Divisor Plot

This web page is an expanded version of a presentation given in Boston at the 7th International Conference on Complex Systems

Prime Numbers are the Holes Behind Complex Composite Patterns

Visualizing Number Theory with the Divisor Plot
JJ Ventrella - Jeffrey@Ventrella.com ...(www.Ventrella.com)

2. Divisor Drips and Modulo Rays

Relatively dense strings of divisors Dx can be seen beneath some x, like dripping water, as seen in the image below at right. These are called “divisor drips”. That's just a poetic name for Dx that have lots of divisors, such as the highly composite numbers (numbers that have more divisors than any lesser number).

On either side of these divisor drips you can detect radiating lines projecting outward and downward, called “modulo rays”. These are reflections of the divisor drip, equivalent to addition or subtraction of multiples of y to the y coordinates of divisors.

Modulo rays are a natural outcome of dense divisor drips.

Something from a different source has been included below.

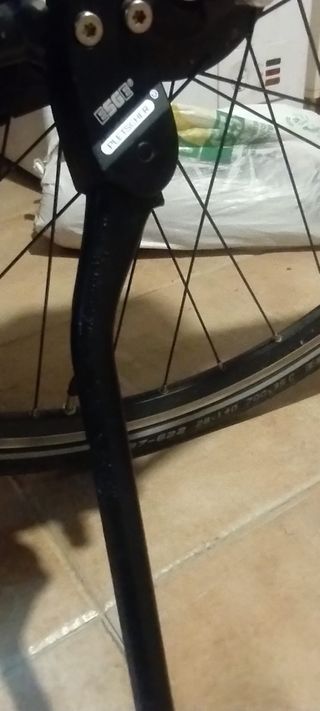 Bicicleta eléctrica Holandesa Koga E-Nova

Since every integer is a divisor of 0, it is considered here as the ultimate highly composite number – having a completely solid divisor drip, and subsequent modulo rays. The image below at left shows D0 and the first 4 of its positive modulo rays. A few of the modulo rays (y<5) of D12 are indicated with thin lines. The image at right shows x at 12! (12 factorial, equal to 479,001,600). It has a strong divisor drip and distinct modulo rays.

Definition of Zero Modulo Ray
There are infinitely many zero modulo rays Z numbered n from 1 to infinity. Zero modulo ray Zn is defined as the ray originating at (0,0), and having slope 1/-n. Each Zn has an ordinal set of divisors lying on it The higher the value of n, the more sparse the divisors along the ray. Every divisor in the divisor plot is a member of one Zn.

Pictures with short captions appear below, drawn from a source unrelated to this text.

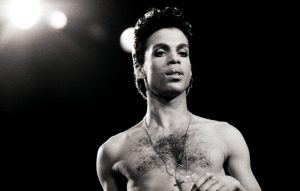 Prince reality TV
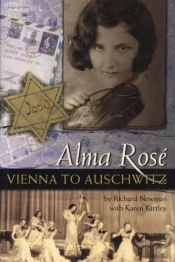 Alma Rose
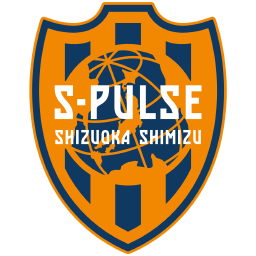 SHIMIZU S-PULSE Team Logo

Why is Zero like 12 Factorial?
If we allow the divisor plot to include negative x, we get the pattern shown below at left. We know that 12! has 1 through 12 as divisors, but it has many others as well. The image below at right shows that the divisor pattern at 12! is identical to the pattern at 0 for all y < 13. In the divisor plot, any x = n! will look like the zero region among the first n divisors.

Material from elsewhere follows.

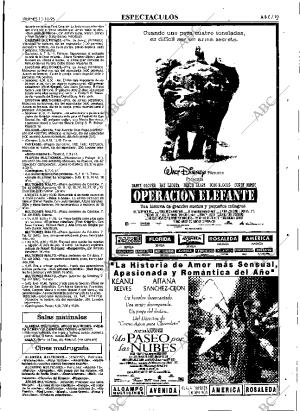 ABC SEVILLA 13-10-1995 página 93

Number Segments with No Primes
One way to find an arbitrarily long contiguous series of composite numbers on the number line is to choose a factorial n! The numbers n!+2, n!+3, n!+4...n!+n comprise a contiguous sequence with no primes. The figure at right shows 7! with such a sequence highlighted. The sequence may in fact be longer, as indicated here by the divisors 8, 9 and 10 in the first positive modulo ray.

Patterns in Time
The image below shows an imaginary scene with 6 objects with regularly-blinking lights. They start lined-up at the left of a track, move to the right at a constant speed, and then stop at the right side. A camera takes a timed-exposed photograph while the objects are moving across the track.

If object 1 blinked once every second, object 2 blinked once every 2 seconds, object 3 once every 3 seconds, and so-on, and if they all started blinking at the same time at the start, then the resulting timed-exposure photograph would be an exact replica of the divisor plot pattern.

Musical Polyrhythms
It is easy to compare the first 3 or 4 rows in the divisor plot to musical polyrhythm (also irrational rhythm). For instance, a jazz, rock, or traditional African rhythm might juxtapose periods of 2 and 3, combined in various ways to create composite periods of 6, 12, etc. Since periods of 2 and 3 (and their multiples) come naturally to the ear (and to dancing feet) we rarely encounter 5, 7, or other prime number periods in popular music.

Rows
As we have just seen, it is useful to classify divisors in ways besides being members of a vertical divisor drip (Dx), or as members of an angled zero modulo ray (Zn). We can also classify them as existing in rows (seen as periodic signals along x). This is one way to visualize the Sieve of Eratosthenes. Let's refer to the horizontal rows that contain divisors as R. It is equivalent to the integer values of y. Later, we will see that there are more ways to classify divisors.

Here is a diagram showing a 2 against 3 polyrhythm:

Notice that each down-beat (when both rhythms have an X in the box) creates a miniature divisor drip, and that on either side are empty spaces - analogous to twin primes on the number line.